Return of the Swayze…

Posted By micah on October 3rd, 2009

I was expecting more hits but these things happen–you think your pop culture experience will translate across generational borders, and you discover otherwise. I’m referring to my most recent Throwback Thursdays column (found here).

True, the writing isn’t my best, and Swayze isn’t as entertaining as, say, terrible gangster rap lyrics. But Swayze deserves better. Spread the word.

Remember a few months ago, when I was working on that little film treatment? I’ll refresh: an indie producer hired me to adapt an old bestselling novel. I agreed with two conditions–that I be paid in bundled cash, delivered in an old physician’s bag (creased black leather, brass clasps, faint smell of menthol).

The job wasn’t awful and he paid on time, in full, with an antique physician’s bag thrown in. Nice. I figured that was the end. These projects rarely make it past the conceptual stage. But then something unusual happened.

The author of the old bestselling novel–by now an aged lion in the literary world–agreed to throw his weight behind the project. Some A-list producers are supposedly intrigued. Will anything happen? Who knows. But it sure makes for good conversation.

Here’s my favorite email of the past month:

Hey Micah,

How’s school?

Polonius would be proud. Anyway. School is…school-ish. I’m writing less and reading more. I have little time to work on long-standing projects (by now they’ve taken a seat), and time is ticking on that graphic novel deal. As for my workshops, I question the validity of spending over an hour on any of my short stories. I like my writing but let’s be serious. Spend an hour on Maugham. Or Murakami. Not on Nathan. After a while, we’re picking at a corpse.

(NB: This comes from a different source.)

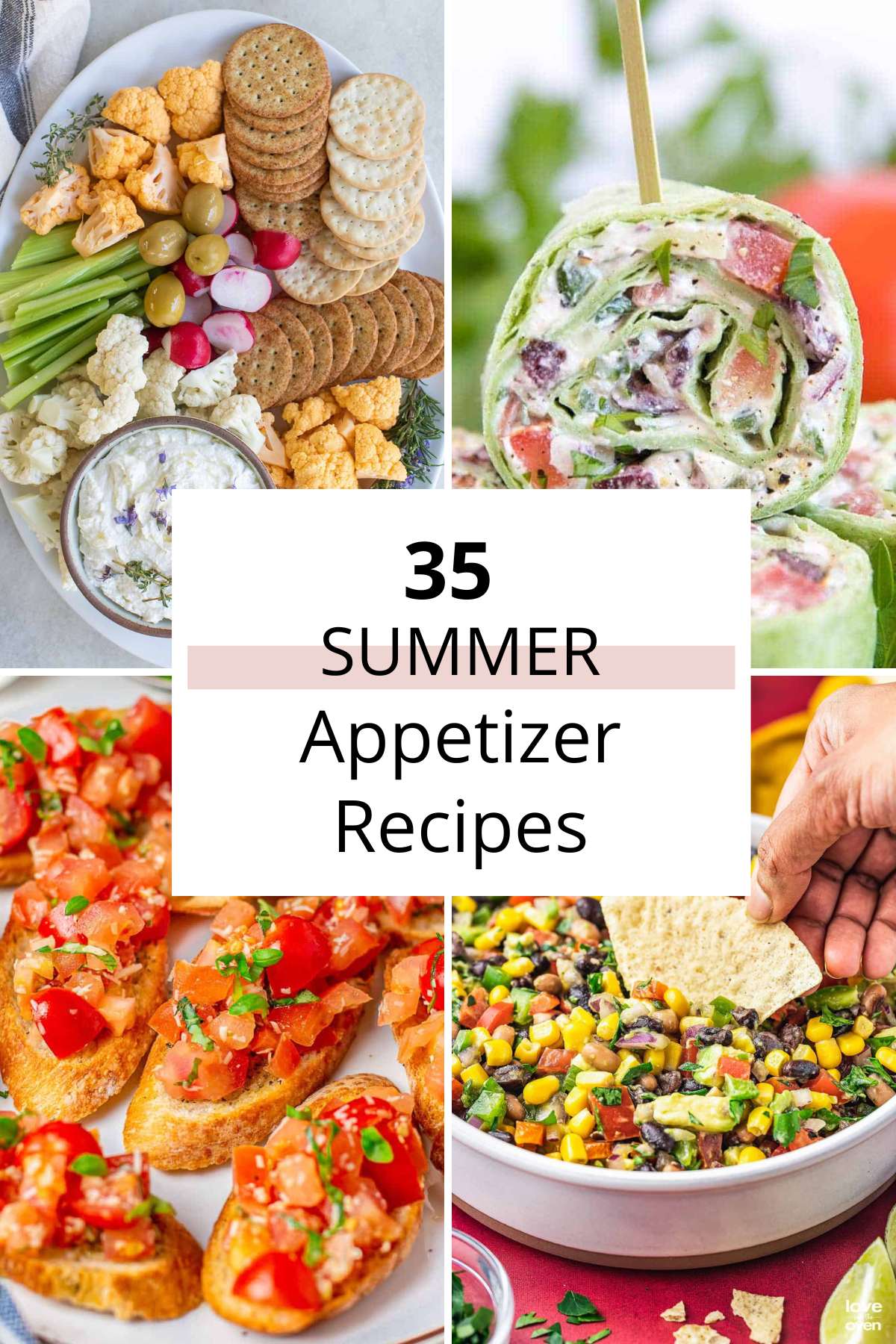 Easy Summer Appetizers for a Party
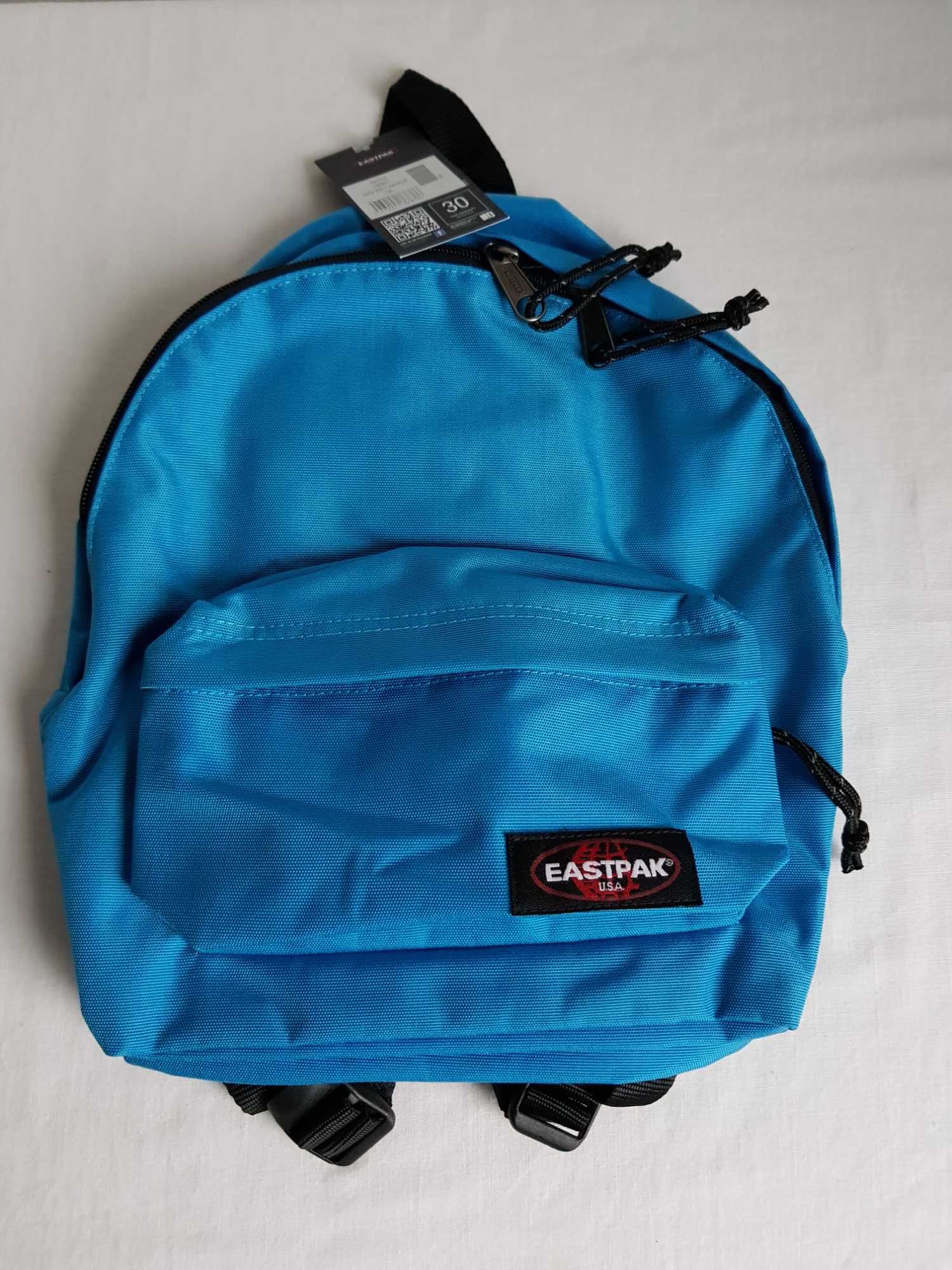 NOWY plecak Eastpak niebieski rekreacyjny 10L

The good news–and I’ve said this before–is the consistency of criticism. Some workshops have bad readers. Not mine.  I believe every author falls prey to quirks and ticks, and without fresh criticism we are in danger of becoming overly stylized. Why? Because style is easy. Think of it as aesthetic cliche. Stylized writing writes itself, and who the hell wants to read anything that came too easy?

(I’m not saying hard work equals quality writing, nor am I saying that anything easy is necessarily bad. But you get my point. Or you should.)